Así, en la soledad en que me pones, me enseñarás la vanidad de todo, me hablarás Tú solo al corazón y mi alma se regocijará en Ti.

Pero sufro mucho, Señor…, cuando la tentación aprieta y Tú te escondes… ¡cómo pesan mis angustias!…

¡Silencio pides!… Señor, silencio te ofrezco.

¡Vida oculta!… Señor, sea la Trapa mi escondrijo.

¡Sacrificio!… Señor, ¿qué te diré?, todo por Ti lo di.

¡Renuncia!… Mi voluntad es tuya, Señor.

¿Qué queréis, Señor, de mí?...».

¿Quién fue Thomas Merton y cuál fue su contribución a la espiritualidad?
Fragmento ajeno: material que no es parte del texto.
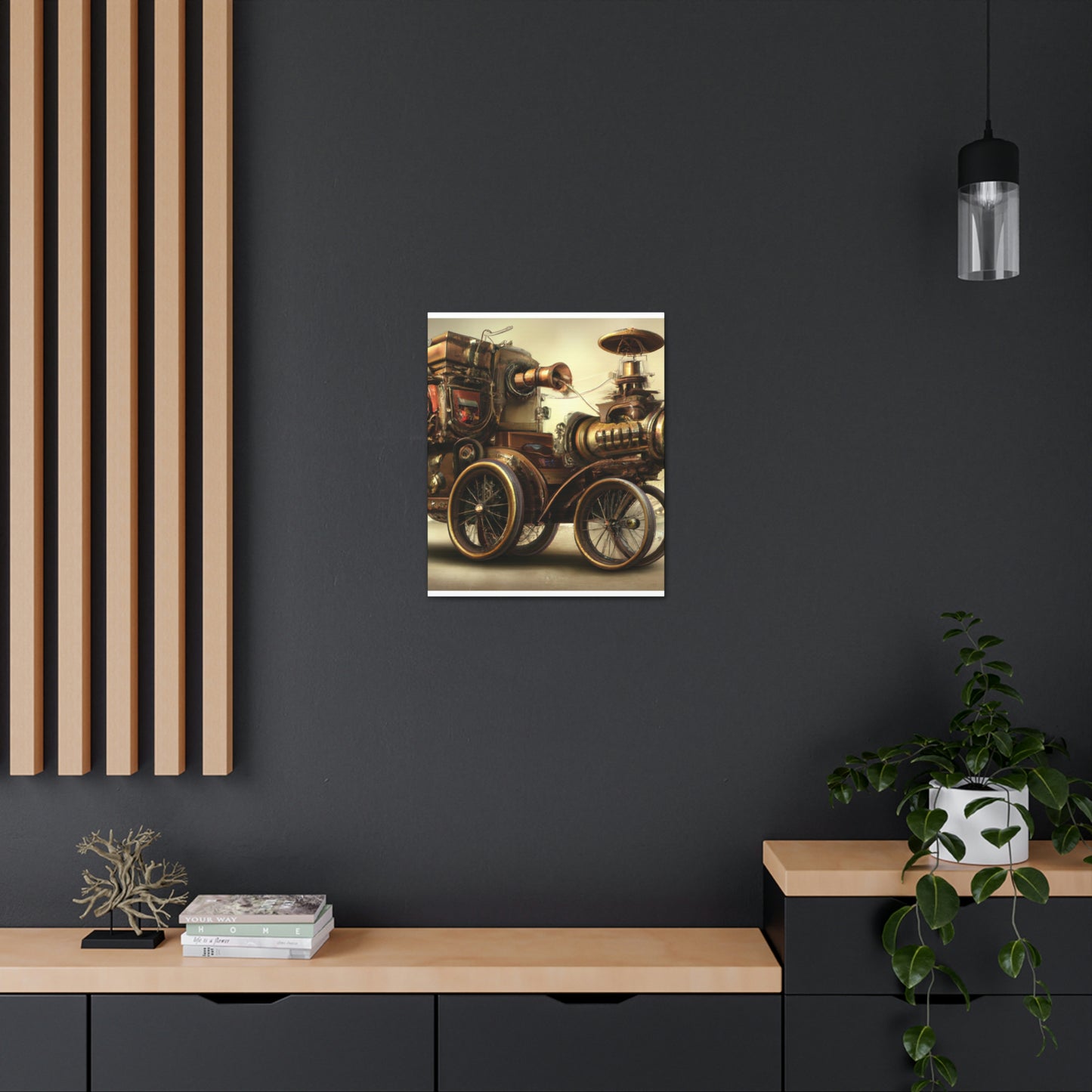 Steampunk Motor. - Canvas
Su padre era neozelandés y su madre, que murió cuando él tenía seis años, estadounidense. Debido al trabajo de su padre, cambió su residencia varias veces, de tal forma que nació en Francia y después vivió en las Bermudas, Estados Unidos e Inglaterra, donde estudió en la Universidad de Cambridge y siguió sus estudios en Nueva York –en la Universidad de Columbia– alcanzando el doctorado.
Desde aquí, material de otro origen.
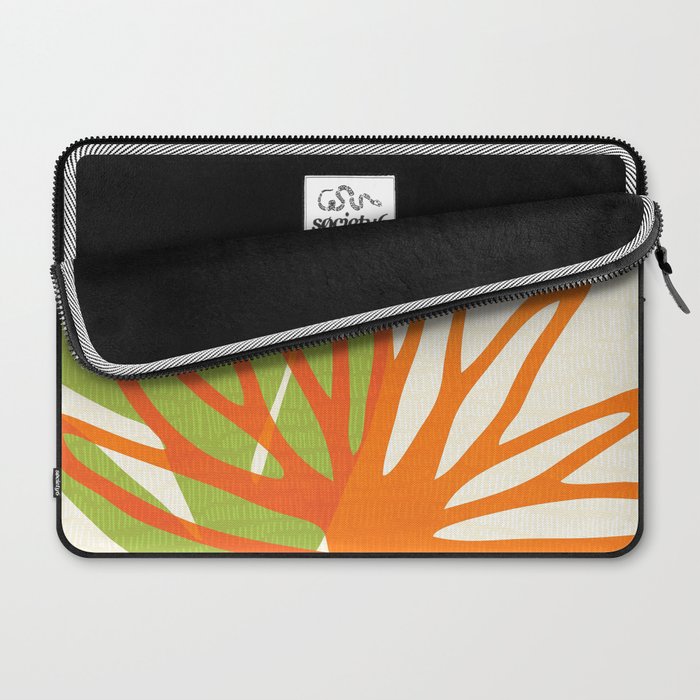 All Day Everyday in Green and Orange Nature Laptop Sleeve Gallery Image 2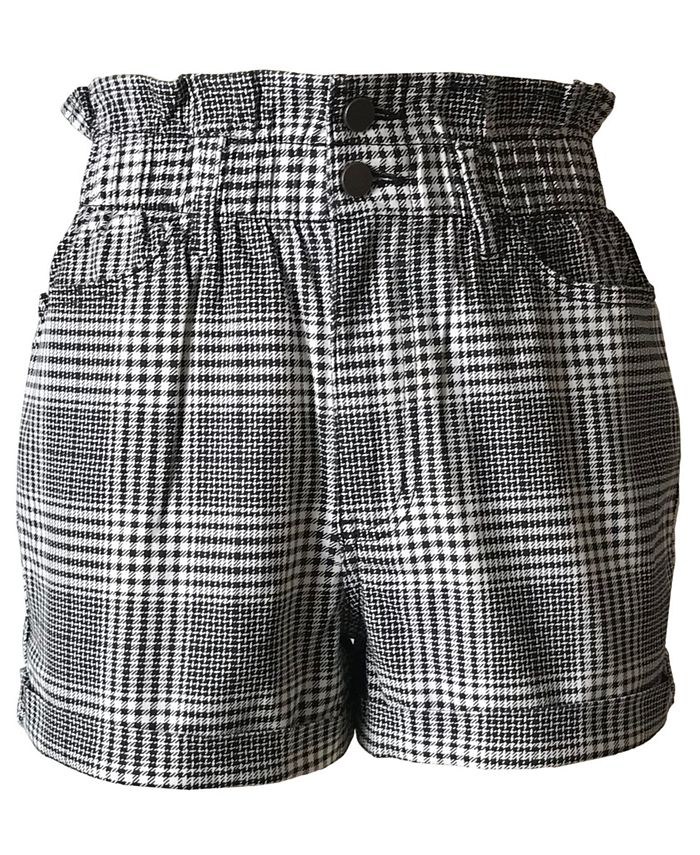 Plaid 2024 paperbag shorts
Con 23 años se convirtió al catolicismo, y tras cuatro años dando clases, decidió ingresar en el monasterio cisterciense de Nuestra Señora de Getsemaní en Kentucky. En 1949 se ordenó sacerdote. Tras una vida dedicada al estudio de la espiritualidad y a trabajar por el diálogo religioso, la igualdad racial y el pacifismo, falleció con 53 años en Bangkok, donde asistía a un encuentro entre cristianos y budistas.

Dejó treinta libros y muchos artículos y poemas. Su obra más difundida es su autobiografía: La montaña de los siete círculos (1948). En la actualidad su pensamiento es muy estudiado. A nivel intelectual, hizo un gran esfuerzo por recuperar la tradición espiritual cristiana y actualizarla, abriéndola al pensamiento contemporáneo y al diálogo interreligioso, con el fin de hacerla creíble, asequible y realmente útil a las personas. A nivel místico, Merton era un buscador del apofatismo, es decir, del vaciamiento.

Sus maestros preferidos eran el Maestro Eckhart, Juliana de Norwich y san Juan de la Cruz. Pero también supo enriquecerse con el pensamiento de Paul Tillich, el existencialismo y el budismo. Ante el individualismo que ya hacía mella en la sociedad occidental de su época, Merton trató de recuperar a la persona humana haciendo ver que todos y cada uno de nosotros somos imagen de Dios: ese es nuestro «verdadero ser».